Right now, most Americans are being left out of a recovery that’s being driven primarily by the affluent. A study from economists at Washington University in St. Louis showed that in 2012, the top 5 percent of earners were responsible for 38 percent of domestic consumption. That’s up from 28 percent in 1995.

For the other 95 percent, spending has stalled, and companies that need the middle and lower classes to open their wallets are suffering. That includes department stores Sears and J.C. Penney, which are closing stores and cutting jobs, the Times reports.
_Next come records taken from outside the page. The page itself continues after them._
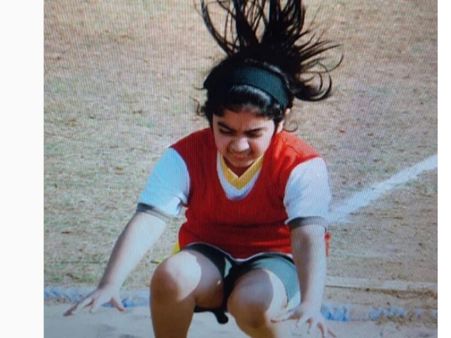 Janhvi Kapoor Posts Throwback Pic Of Sister Khushi Kapoor: ‘Jumps Into 2019’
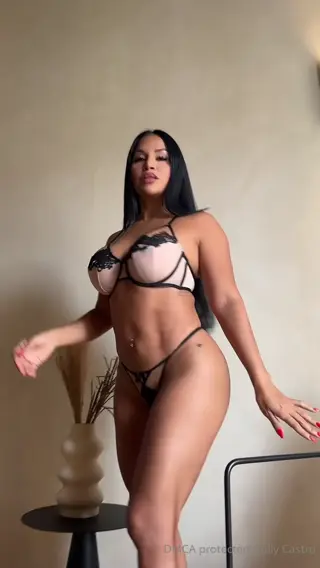 dollycastro leaked video, frame 3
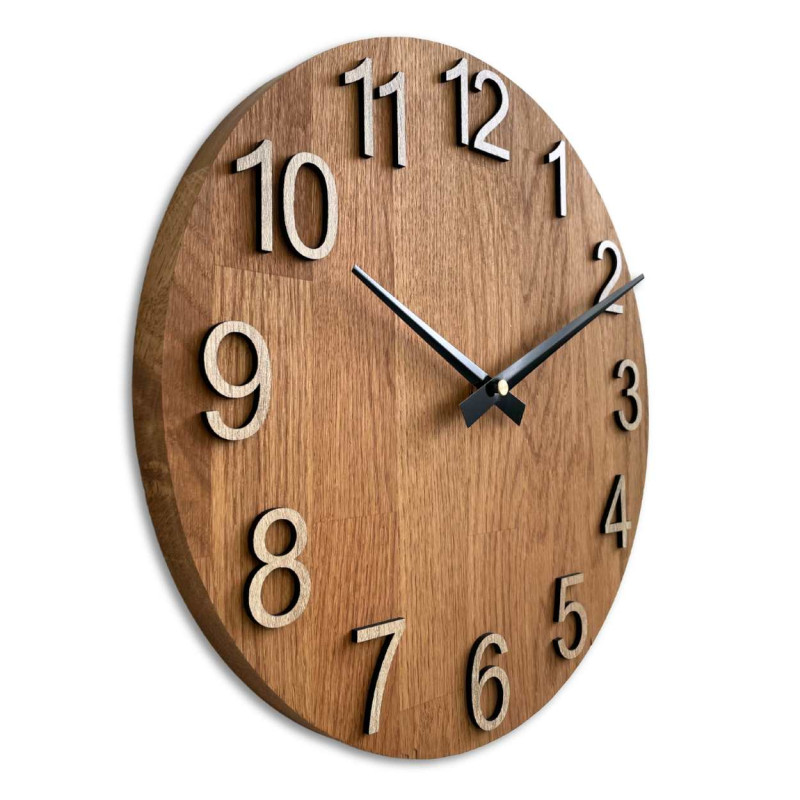 Jednoduché hodiny s přehledným ciferníkem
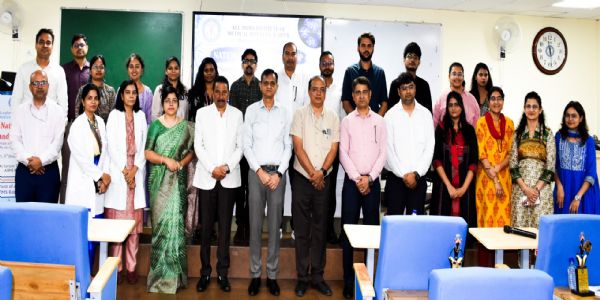 कार्यशाला में आये देश के विभिन्न हिस्सों से आए चिकित्सकों, विशेषज्ञों, विद्यार्थियों और प्रयोगशाला पेशेवर कार्यशाला में आये देश के विभिन्न हिस्सों से आए चिकित्सकों, विशेषज्ञों, विद्यार्थियों और प्रयोगशाला पेशेवर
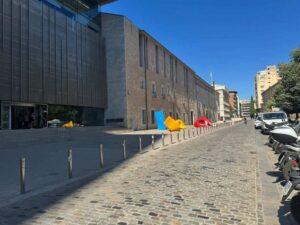 Reparación del pavimento de llambordes en las plazas Pompeu Fabra y del Hospital en Girona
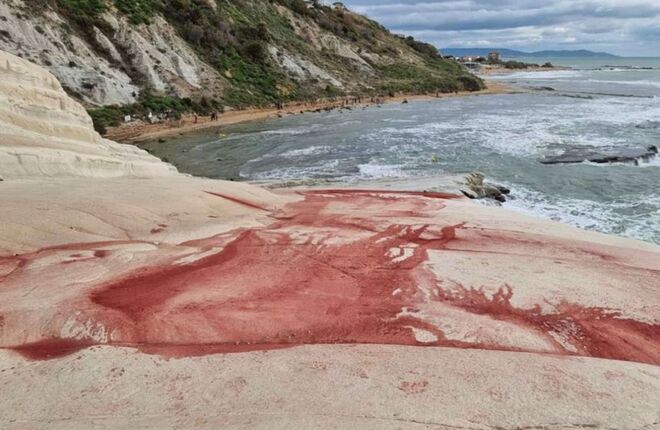 Белоснежную скалу на Сицилии испортили вандалы Белоснежную скалу на Сицилии испортили вандалы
Restaurant giant Darden has seen traffic at casual dining properties Red Lobster and Olive Garden drop in every quarter but one since 2005.

Businesses that can are trying to shift their focus toward richer customers, but with most Americans not participating in the recovery, economic growth is at best volatile and probably not sustainable in the long run. Said Washington University economist Steven Fazzari: “It’s going to be hard to maintain strong economic growth with such a large proportion of the population falling behind.”

But that’s what continues to happen, in part because of Republican policies that hurt the struggling or long-term poor. In North Carolina, legislators sharply cut unemployment benefits and eliminated the earned income tax credit for low-income families. Gov. Pat McCrory now claims those policies are helping a “Carolina Comeback,” but the lower unemployment rate he points to is a statistical illusion. The rate has gone down because more people are giving up and dropping out of the workforce.

Those North Carolinians are among the increasing number of Americans who feel as if they have less. A Pew poll last month showed that 57 percent of Americans feel that their incomes are not keeping up with the cost of living, and 40 percent feel that they are lower-middle or lower class. Six years ago, that number was just 25 percent.

President Obama spoke of these Americans last week in his State of the Union address. “Inequality has deepened,” he said, while calling for raising the minimum wage and extending long-term unemployment benefits. But even if those prescriptions aren’t long-term answers, helping those Americans is not only about providing opportunity to the vulnerable. It’s about making more of them customers, which helps business, which helps us all.

 

February 5, 2014 at 9:03 am
Richard Bunce says:

Do you know what the minimum wage and future UI payment is for a person risking their capital to start up a small business that is burdened with outrageous taxes and regulations? That's right zero. Perhaps the Charlotte Observer should hire a couple hundred thousand North Carolinians and pay them $20 an hour to prove their point.

February 7, 2014 at 11:25 am
Vicky Hutter says:

It astounds me that there is so much talk coming out of Washington about "income inequality" and "redistribution of wealth" that is then picked up by the print and electronic media. Have politicians forgotten that the U.S. is the land of opportunity, to better oneself through education, one's choices, hard work, tenacity, using one's intelligence and skills, etc. are what historically have enabled Americans to make their dreams come true, build a better life for their children and to achieve upward mobility? Experiments to "level the playing field" has failed in every country it's been tried in and it still didn't insure "income equality"---all it accomplished was "sharing and equal distribution of poverty." Rather than pandering to people's desire to get something for nothing, believing that it is unfair for some people to have more money than they do or that someone owes them a living, it would be refreshing for the media to point out that what all this talk of "income inequality" achieves is resentment and class warfare without achieving anything for the individual or society as a whole. Politicians and others interested in total "income equality" should visit Russia, Cuba or China today. It just seems strange to me that all this emphasis on "Haves" and "Have-Nots" has only been a major topic for the past 5 years--I don't think the timing is a coincidence and it certainly smacks of political manipulation and socialistic spin to increase governmental control of the population.

February 8, 2014 at 10:52 am
Richard Bunce says:

It is mostly politics. There are more voters who do not think they are wealthy than there are who do think they are wealthy. Surprising that small government candidates ever win any elections.